Thermal dependence of maximum Ca2+-activated force in skinned muscle fibres of the toad Bufo marinus acclimated at different temperatures Academic Article uri icon

abstract

  • Mechanically skinned muscle fibres from the twitch region of the iliofibularis muscle of cool- (16 +/- 1 degree C) and warm- (32 +/- 1 degree C) acclimated cane toads (Bufo marinus) were activated maximally by Ca2+ in solutions of different pH and at different temperatures (approx. 1-35 degrees C). Acclimation of up to 12 weeks at 16 degrees C and up to 8 weeks at 32 degrees C did not modify the marked thermal dependence of isometric force in the skeletal muscle fibres of the cane toad.

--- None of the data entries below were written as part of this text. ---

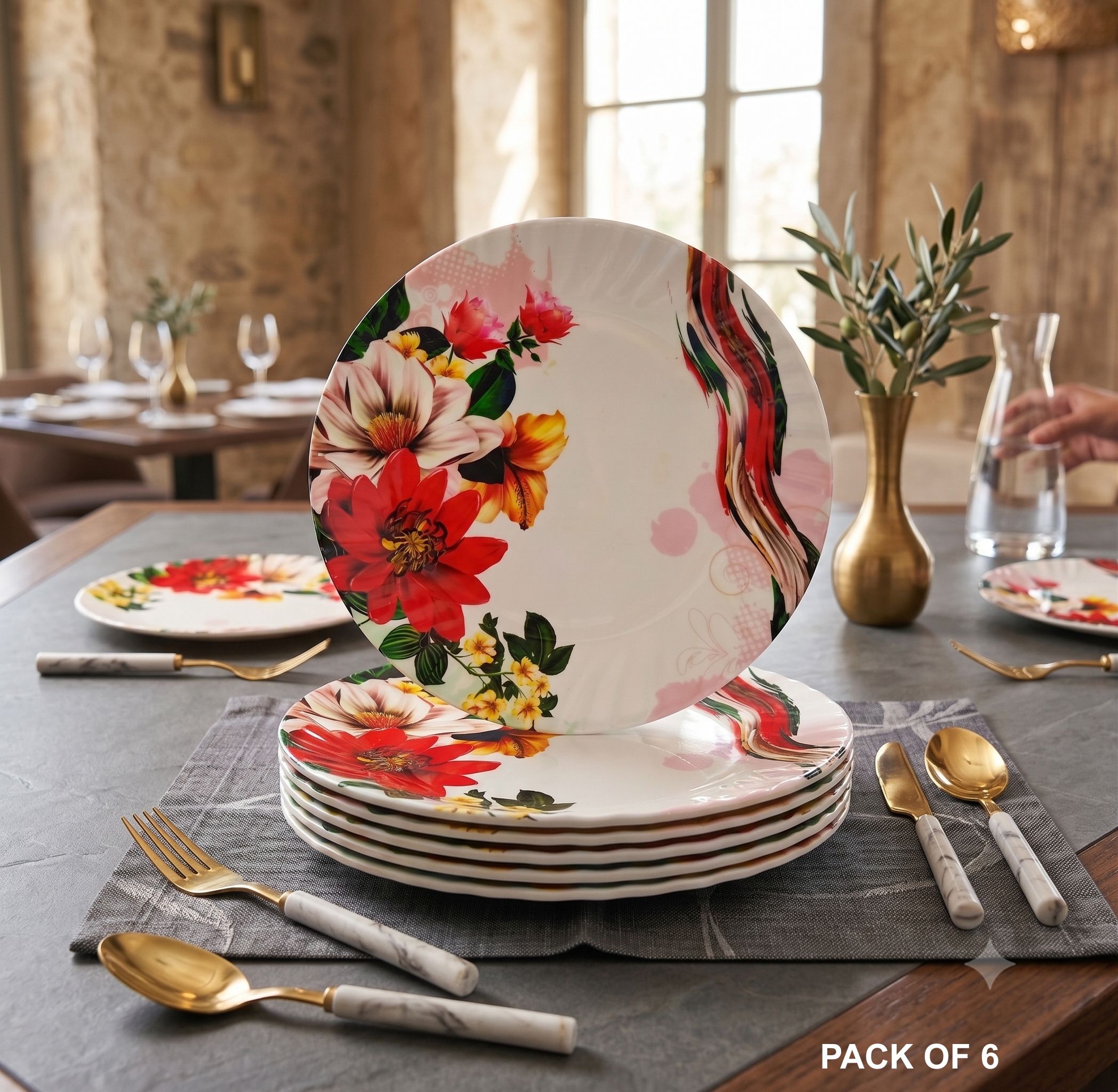 Melamine Dinner Plate, Gloss Finish Serving Plate for Home Dining Table Dinner Plate-image-37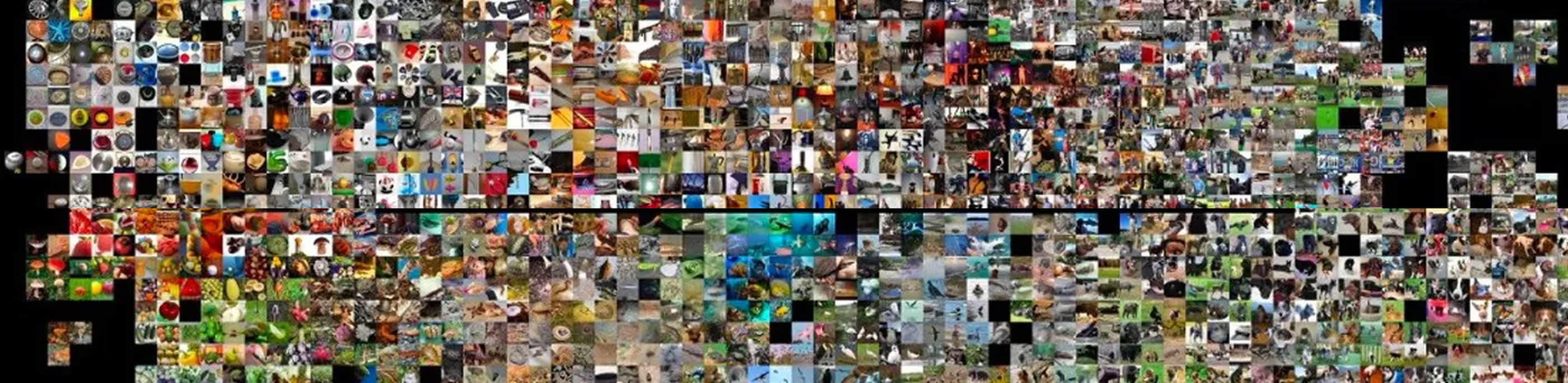 A mosaic of hundreds of small ImageNet photographs of animals, objects, vehicles and scenes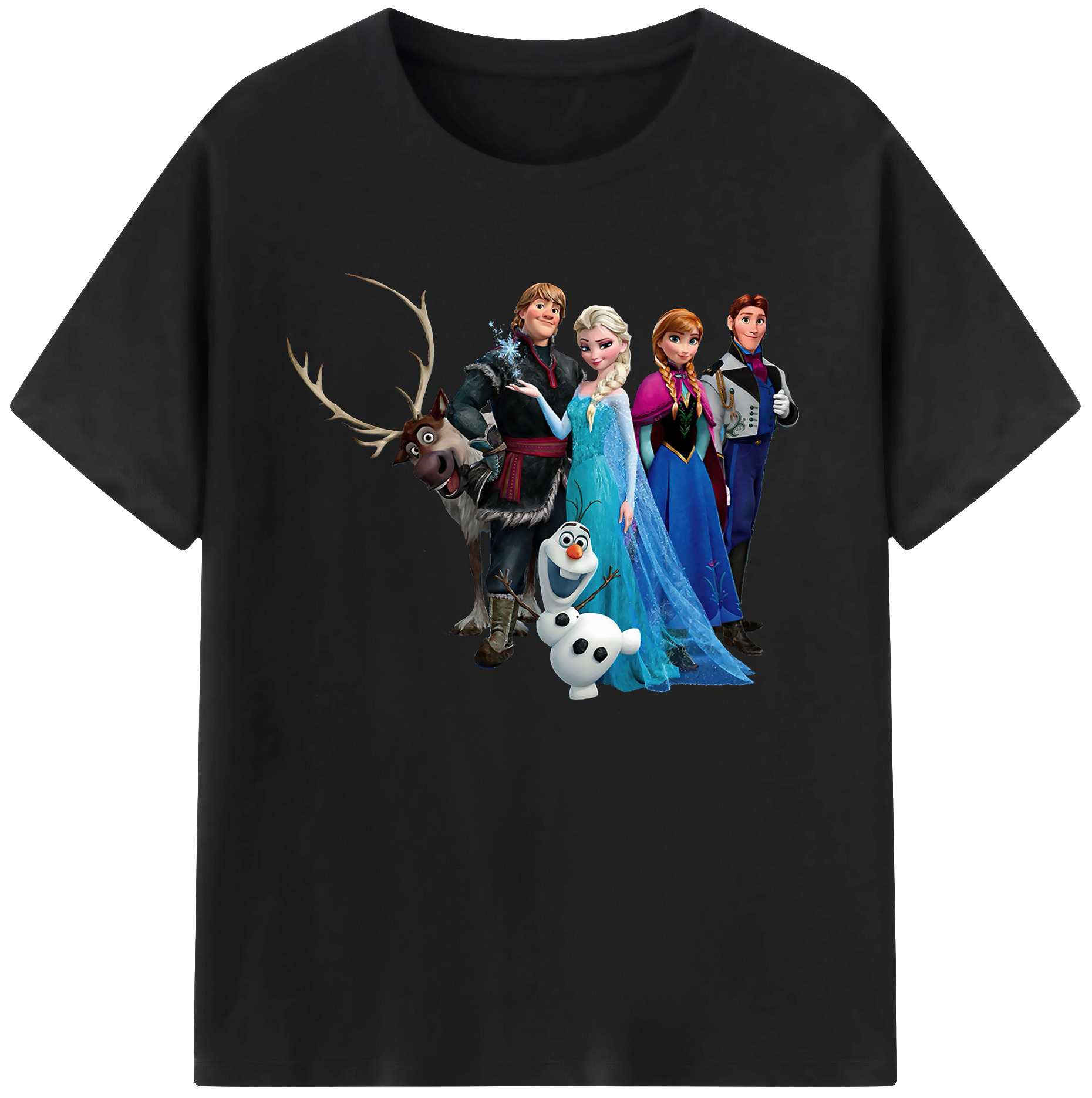 （画像用） アナと雪の女王 アンナ エルサ Frozen Anna Elsa 綿100％ メンズ半袖Tシャツ｜肌触りやわらか＆通気性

The prominent decline of maximum Ca2+-activated force at lower temperatures, a property which is not characteristic of muscles from other anurans, was associated with an obvious decline in fibre stiffness at temperatures below about 20 degrees C, regardless of the temperatures at which the toads were kept prior to experimentation. The results suggest that the decline of isometric force at lower temperatures is due both to a reduction in the number of cross-bridges and to a decrease in the force output per cross-bridge. The maximum Ca2+-activated force response increased when fibres were activated in solutions of increasing pH at all temperatures investigated. This trend is expected to have a compensatory effect on the thermal dependence of the maximum Ca2+-activated force under physiological conditions, because of the elevation of intracellular pH as temperature declines. The isometric force did not depend on the concentration of the zwitterionic species of the pH buffer in solutions. The skinned fibre preparation developed a Ca2+-insensitive residual force following maximal activation. The increment in residual force followed a linear relationship with the duration of activation at a given temperature and a power relationship of activation temperature for a given duration of activation. Fibres from warm-acclimated animals developed less residual force following activations at 15 degrees C than did fibres from cool-acclimated animals, suggesting that thermal acclimation may substantially reduce the magnitude of this phenomenon at temperatures below 20 degrees C.